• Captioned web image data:
________________________________________

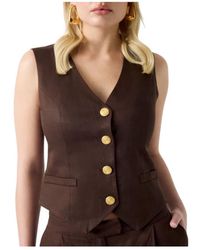 Guess - Waistcoats - Lyst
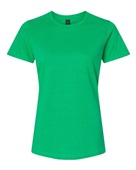 Gildan Ladies' Softstyle Midweight Ladies' T-Shirt G650L IRISH GREEN Primary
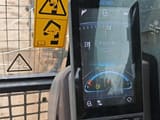 2020 XCMG XE550DK crawler excavator interior monitor view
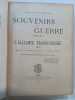 Souvenirs De Guerre 1870-1871 Et L'alliance Franco-Russe. PONCHALON (Colonel Henri de-)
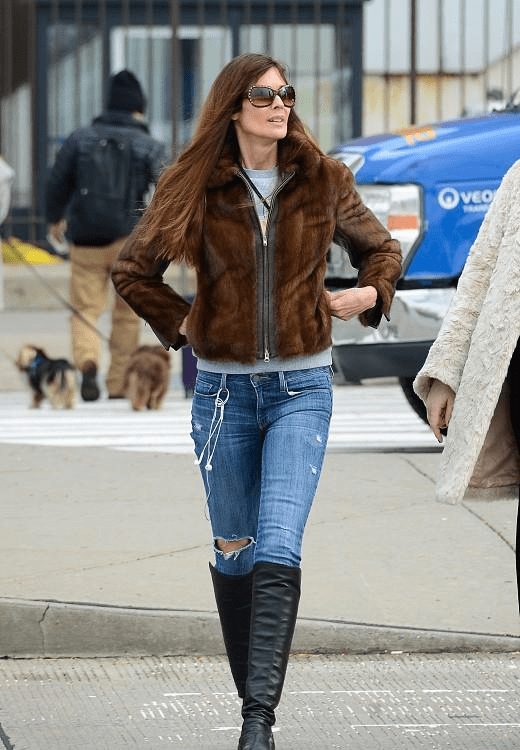 黑色 还在“光腿”穿靴子？长靴+裤子才是主流穿法，时髦高级显气质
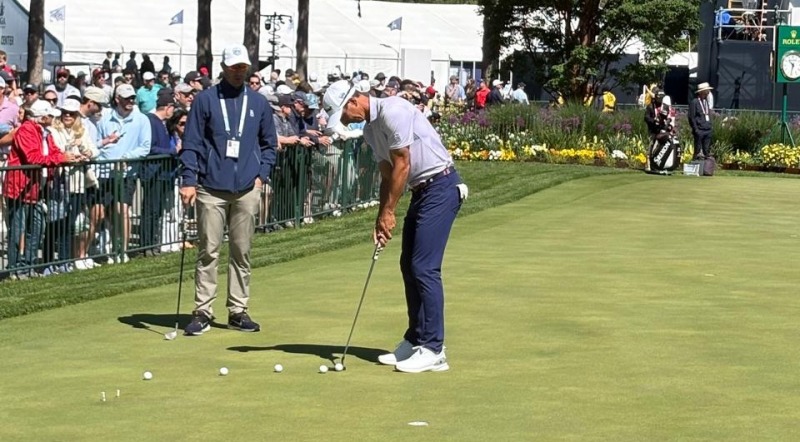 Bid� cerr� su primera vuelta en el PGA Championship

________________________________________

• TASK PROMPT:
With all pictures omitted, repeat every record above word for word.

• RESPONSE:
 Guess - Waistcoats - Lyst
 Gildan Ladies' Softstyle Midweight Ladies' T-Shirt G650L IRISH GREEN Primary
 2020 XCMG XE550DK crawler excavator interior monitor view
 Souvenirs De Guerre 1870-1871 Et L'alliance Franco-Russe. PONCHALON (Colonel Henri de-)
 黑色 还在“光腿”穿靴子？长靴+裤子才是主流穿法，时髦高级显气质
 Bid� cerr� su primera vuelta en el PGA Championship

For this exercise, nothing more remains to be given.